▶ [SUPPLIED ENTRIES]:
== Segment start ==
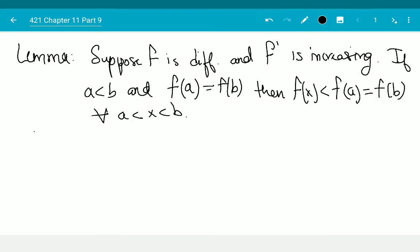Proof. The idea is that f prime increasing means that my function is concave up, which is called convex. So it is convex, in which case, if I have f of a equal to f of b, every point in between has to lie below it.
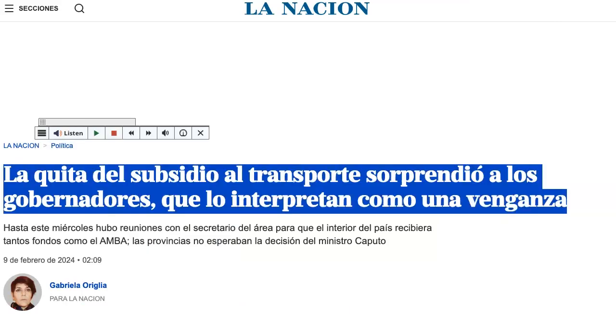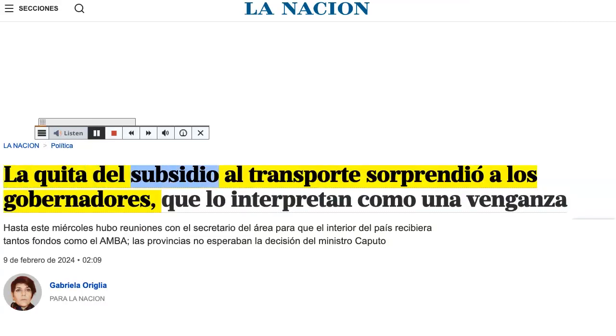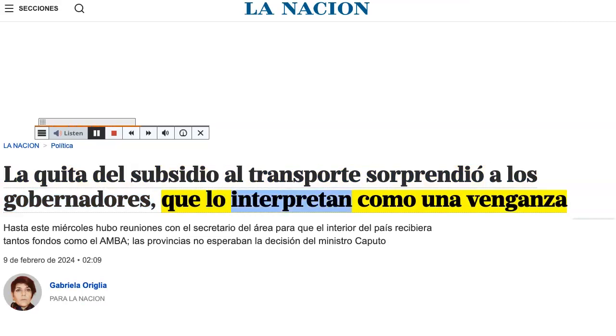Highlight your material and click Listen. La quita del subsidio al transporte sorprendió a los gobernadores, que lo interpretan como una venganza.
== Segment end ==
== Segment start ==
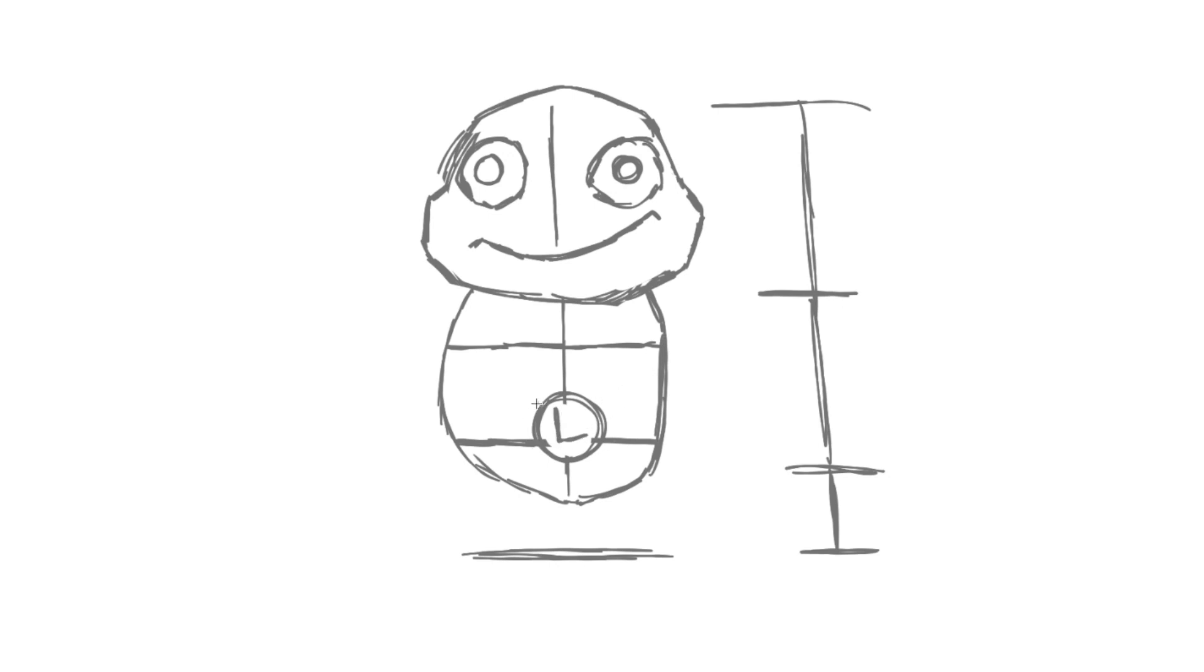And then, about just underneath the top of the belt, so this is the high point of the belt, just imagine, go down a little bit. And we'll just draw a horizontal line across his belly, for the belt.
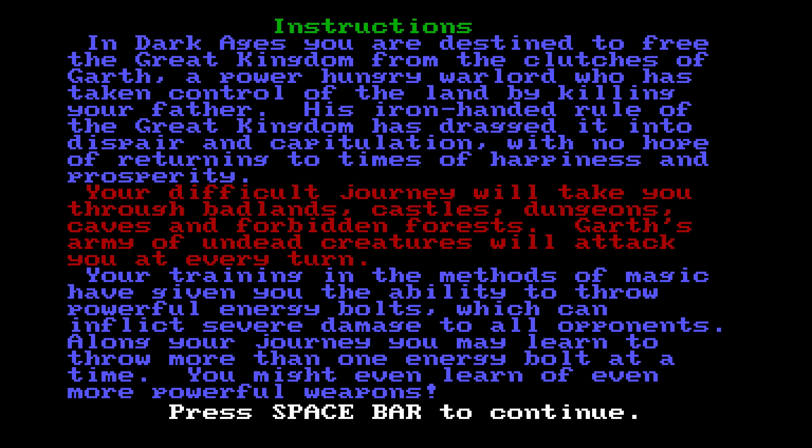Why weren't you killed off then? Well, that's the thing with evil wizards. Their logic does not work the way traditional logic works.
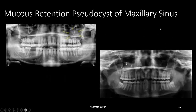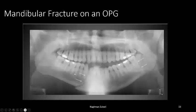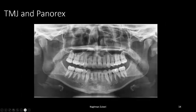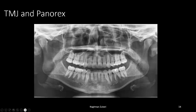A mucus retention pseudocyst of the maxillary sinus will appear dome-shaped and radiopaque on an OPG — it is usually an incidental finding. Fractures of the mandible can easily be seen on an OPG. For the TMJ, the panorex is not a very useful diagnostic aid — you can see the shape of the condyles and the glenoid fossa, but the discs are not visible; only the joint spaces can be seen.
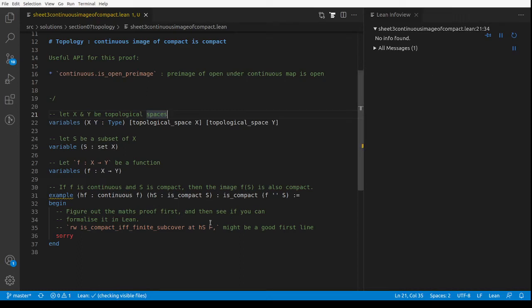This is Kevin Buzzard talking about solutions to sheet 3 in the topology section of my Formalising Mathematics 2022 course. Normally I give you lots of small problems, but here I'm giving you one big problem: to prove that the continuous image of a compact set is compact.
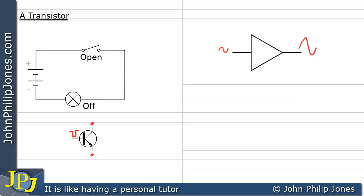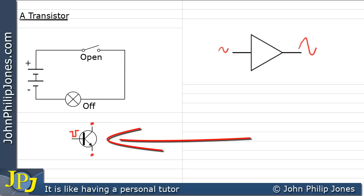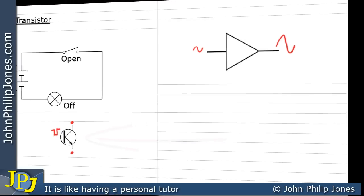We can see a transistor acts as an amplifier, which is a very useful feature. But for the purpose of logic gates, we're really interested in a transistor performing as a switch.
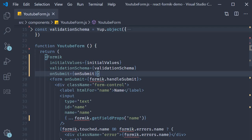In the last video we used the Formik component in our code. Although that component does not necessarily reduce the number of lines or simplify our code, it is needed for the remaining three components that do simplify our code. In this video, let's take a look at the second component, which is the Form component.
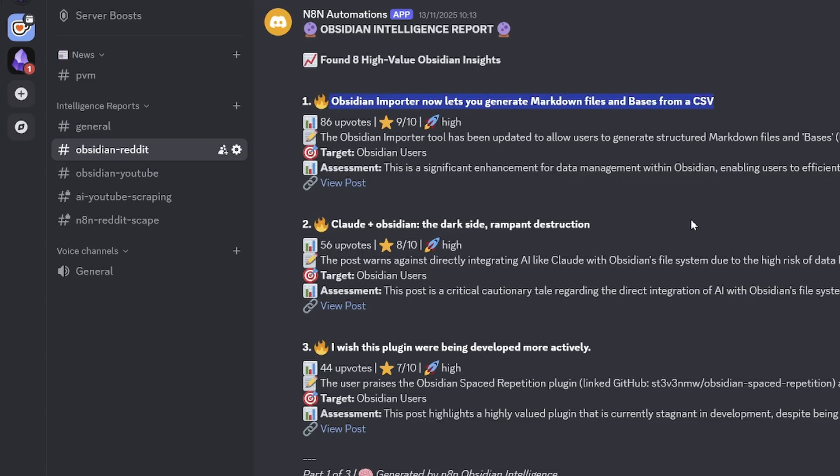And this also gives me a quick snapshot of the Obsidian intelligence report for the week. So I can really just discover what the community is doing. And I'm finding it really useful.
== Segment end ==
== Segment start ==
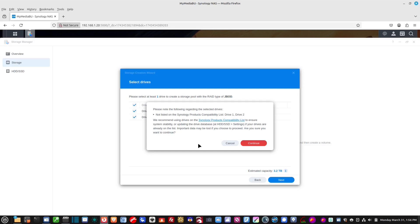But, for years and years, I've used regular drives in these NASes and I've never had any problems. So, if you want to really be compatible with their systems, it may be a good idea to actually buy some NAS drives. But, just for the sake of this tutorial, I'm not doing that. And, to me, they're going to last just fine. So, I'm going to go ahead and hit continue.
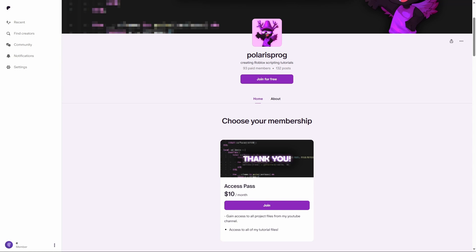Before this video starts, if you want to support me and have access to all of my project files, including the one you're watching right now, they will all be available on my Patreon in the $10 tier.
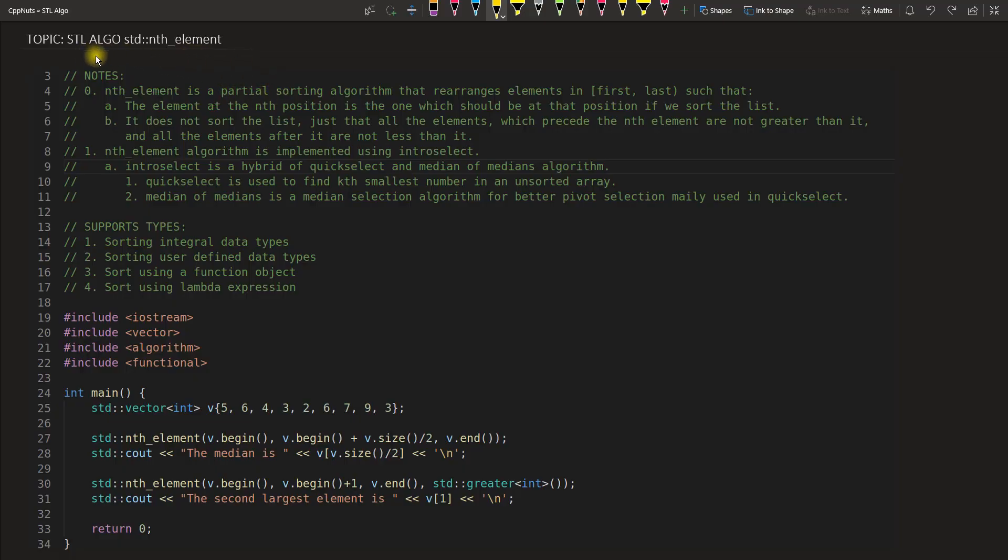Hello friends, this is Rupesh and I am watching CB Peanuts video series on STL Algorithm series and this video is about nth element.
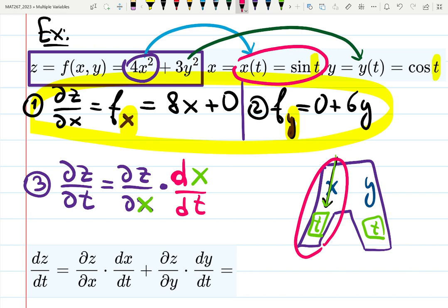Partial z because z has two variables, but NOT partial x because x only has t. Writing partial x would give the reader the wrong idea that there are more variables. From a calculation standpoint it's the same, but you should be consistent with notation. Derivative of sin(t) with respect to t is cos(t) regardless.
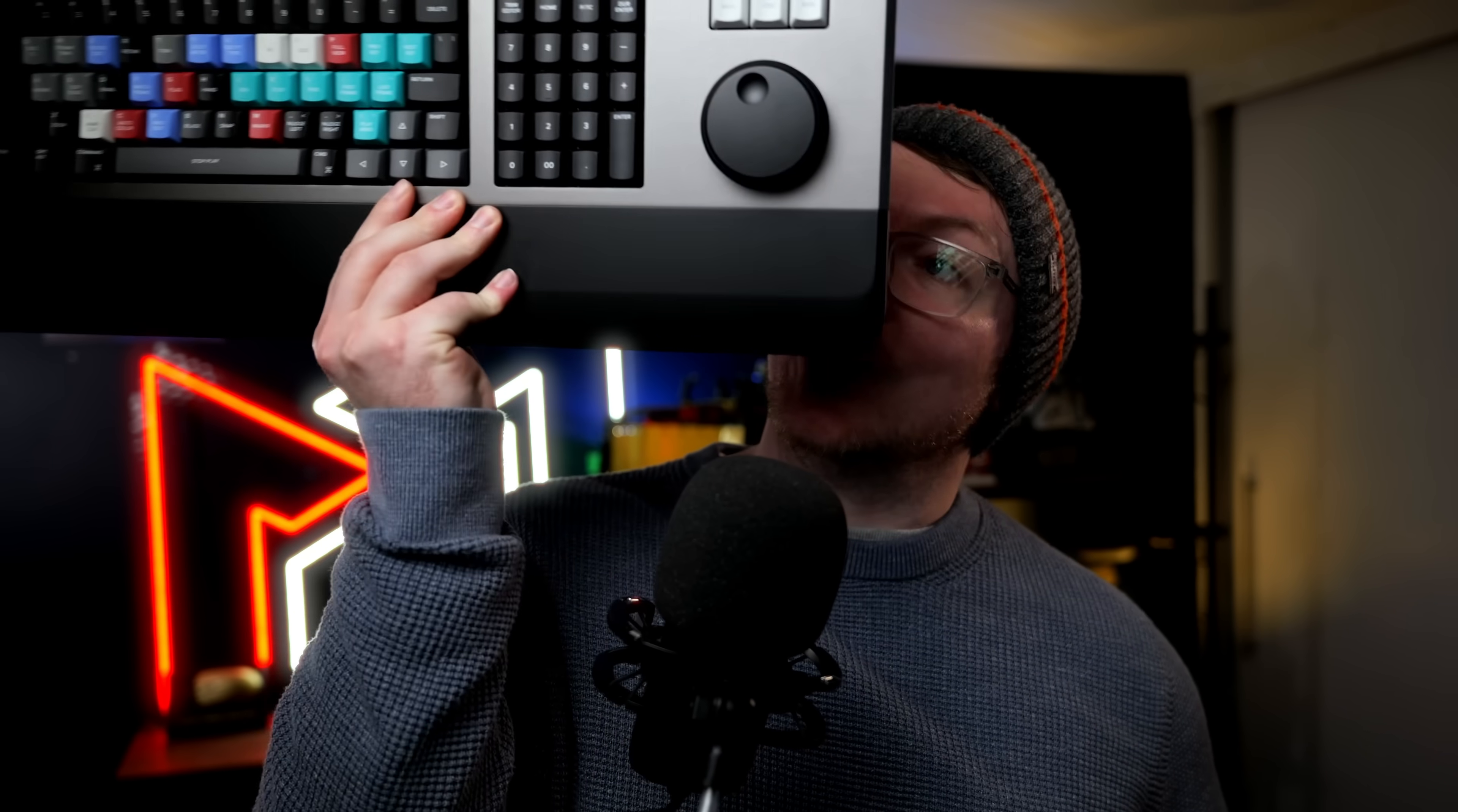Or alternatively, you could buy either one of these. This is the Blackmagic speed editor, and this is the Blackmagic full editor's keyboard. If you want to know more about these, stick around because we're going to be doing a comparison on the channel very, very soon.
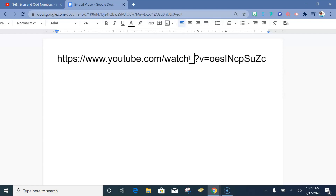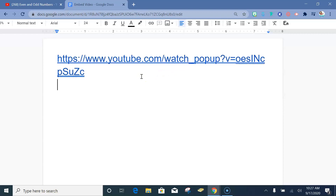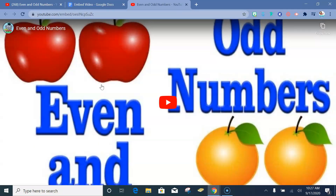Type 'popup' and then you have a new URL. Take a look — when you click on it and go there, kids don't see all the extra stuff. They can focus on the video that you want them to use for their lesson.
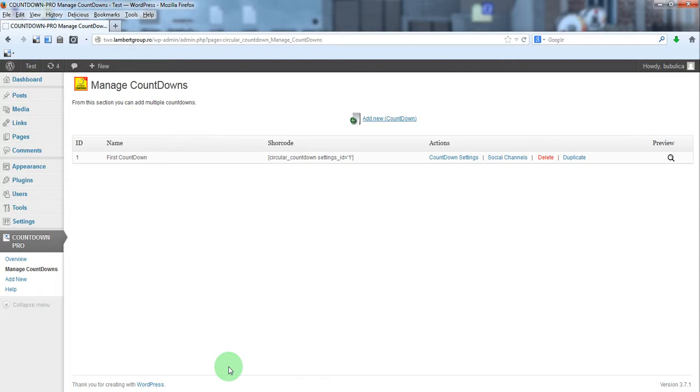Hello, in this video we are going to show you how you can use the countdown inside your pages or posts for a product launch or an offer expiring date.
== Segment end ==
▶ [PROBLEM]: Look above for the line with "Why weren't you" and the line with "This is Kevin"; set down those two lines and all lines between them exactly, without pictures and without anything else.

▶ [WRITTEN ANSWER]:
Why weren't you killed off then? Well, that's the thing with evil wizards. Their logic does not work the way traditional logic works.
A mucus retention pseudocyst of the maxillary sinus will appear dome-shaped and radiopaque on an OPG — it is usually an incidental finding. Fractures of the mandible can easily be seen on an OPG. For the TMJ, the panorex is not a very useful diagnostic aid — you can see the shape of the condyles and the glenoid fossa, but the discs are not visible; only the joint spaces can be seen.
This is Kevin Buzzard talking about solutions to sheet 3 in the topology section of my Formalising Mathematics 2022 course. Normally I give you lots of small problems, but here I'm giving you one big problem: to prove that the continuous image of a compact set is compact.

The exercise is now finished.